Where’s the extra driver info on Windows Update?

During the beta cycle for Windows 7, I noticed an interesting detail in Windows Update. If you’re offered a new driver file via Windows Update (or if you’re looking at the history of previously installed updates), there’s a link that offers to provide additional information about the driver. Here’s a recent example from an HP Pavilion Elite system:


The Winqual subdomain points to Microsoft’s Windows Quality Online Services site. The driver ID at the end of the URL is, presumably, a unique identifier tied to that driver. (I checked some other drivers, and they have different ID numbers.)

When I clicked this particular link, I expected to find information specific to the listed update: version number, a description of compatibility issues, a list of fixes, and so on.

Instead, I was redirected to a generic information page containing links to articles about how drivers work.

This is the exact behavior I saw during the beta cycle and after RTM. I expected the links to begin pointing to driver-specific information after Windows 7 was officially launched last month, but there’s still no live connection to the Winqual database.

A quick scan of Microsoft message boards reveals that I’m not alone in being confused and frustrated by these links that promise but don’t deliver.

Microsoft, what’s the story?

4 thoughts on “Where’s the extra driver info on Windows Update?

  1. But, it shouldn’t take you to a generic page. It should tell you WHY that particular driver is needed and any information pertaining to it.

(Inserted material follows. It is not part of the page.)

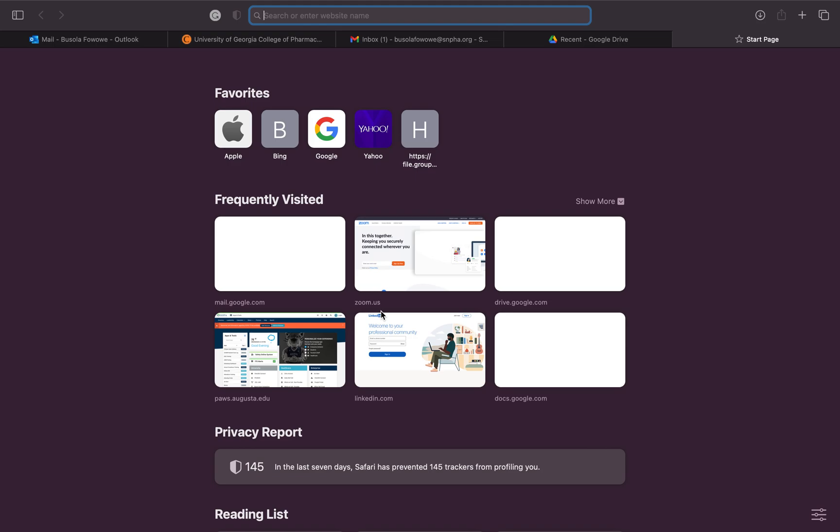My name is Basala and I am the national recording secretary. I'm making this video to walk you through how to report your events this year. Since the website is new, we just want to make sure that you have all the tools necessary to navigate it, and if you have any questions or concerns, please be sure to reach out to me at any point.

  2. First of all, Ed, you are my hero. Thanks for your website, articles on ZDnet and the old stuff on TechRepublic. You are the main reason that ZDNet became regular reading for me.

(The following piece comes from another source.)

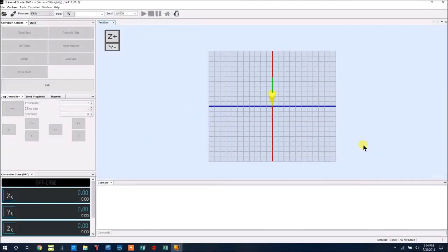Hi, I'm Bob with BobCNC. Today I'm doing a video on how to clear the cache in the UGS platform in case it gets corrupt.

    I don’t often feel the urge to leave comments, but this time I do. Microsoft driver updates are UNreliable. That’s not an adjective a company wants to be labeled with. Their not providing version number or driver date is shoddy. This was especially troublesome in the early days of Vista when Vista and its device drivers were like blind/deaf/mute/noseless mice trying to locate their mother. What happened with me was that Windows Update downloaded a NVidia graphics driver that rolled back my newer driver that I had downloaded directly from NVidia. Normally, I would have ignored that update, but at that time I knew something was amiss, because I was occasionally getting pitched black screens. I couldn’t tell what NVidia driver Windows Update was downloading and installing until it was all done. Windows Update rolled back my NVidia graphics driver from September to July 2007. I ended up going back to the NVidia website to get the latest driver at that time which was November 2007. You’d think that in November 2007, Windows Update would have given my computer the November 2007 driver.